Когда вбежали в кабинет, Цвигун сидел в кресле, пьяно улыбаясь. В руке пистолет, со стены осыпаются остатки зеркала. Он перевел взгляд на нас и его прорвало:
— Смысл дальше тянуть? Ну Перельман вырезал мне опухоль в легких. А еще одна вот здесь, — и он постучал пальцем по лбу. — Неоп-пре… непре-ре… В общем, оперировать нельзя. Перельман сказал, что рассосется. А не рассосалась… Знаете, как у меня сильно болит голова? — он всхлипнул, по щекам потекли слезы. — Всегда думал, что умру быстро, в один миг. А придется дальше мучиться…
Я подошел, забрал у него пистолет и, повернувшись к прикрепленному, сказал:
— Неси коньяк…
Скоро на столе появилась бутылка армянского коньяка, нарезанный тонкими ломтиками лимон и тарелка с сыром. Я плеснул немного коньяка на дно пузатого фужера.
— Ну что ты льешь мне, как бабе. Наливай до краев, полный. Мне есть что обмывать. Все-таки на пенсию… выпнули, — он зло глянул на меня, — благодаря тебе. Но спасибо не говорю, не говорю. — Цвигун взял фужер, сделал несколько больших глотков.
Злость его внезапно отхлынула, теперь передо мной сидел больной, усталый человек. Он бездумно крутил фужер и смотрел, как плещется на дне янтарная жидкость.
Я сел в кресло напротив и мысленно приказал: «Спите! Ваши глаза слипаются, веки становятся тяжелыми. Вы погружаетесь в здоровый, спокойный сон»…
Цвигун закрыл глаза, фужер выпал из рук, глухо стукнувшись о ковер. Я внушал ему, представляя, как рассасывается опухоль, как уходят метастазы. Внушал, что организм восстанавливается сам, убирая злокачественные клетки.
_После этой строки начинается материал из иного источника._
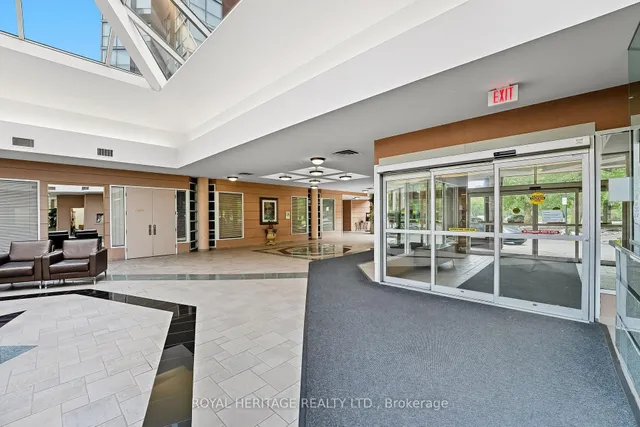 Additional image 4 of 5 Concorde Pl Unit 1208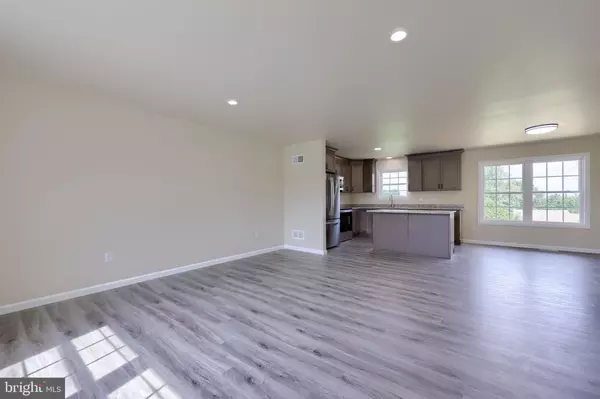 Spring Grove, PA 17362,6030 DEBORAH DR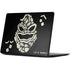 Disney The Nightmare Before Christmas Lets Boogie Art Surface Laptop 7 13.8in Skin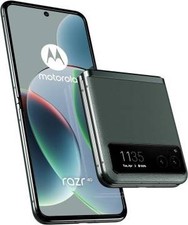 Motorola Razr 40 8+256GB 6.9"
Я давно не занимался внушением, не было повода с тех пор, как помог Светлане справиться с болезнью. Теперь же не знал, получится или нет, но попытаться надо. Правильно ли я делаю, тоже не знал. Почему-то было предчувствие, что злопамятный Цвигун еще попортит мне нервы. Но поступить по-другому не мог.
Вышел из кабинета через полчаса.
— Сейчас его не будить, проснется — доложишь о самочувствии Семена Кузьмича генералу Рябенко, — дал распоряжение прикрепленному Цвигуна. — И проследи, чтобы больше не пил. Приведите его в норму, не первый же раз такой срыв.
С дачи Цвигуна позвонил Рябенко. Он выслушал меня и вздохнул.
— То же мне, не успел выйти на пенсию, как вздумал гонщика из себя изображать. Совсем с катушек слетел, — и Рябенко выругался. — Леня расстроится. Не вздумай рассказать ему это все. И так переживает. Я сам займусь Семеном Кузьмичом. Ты сам-то как?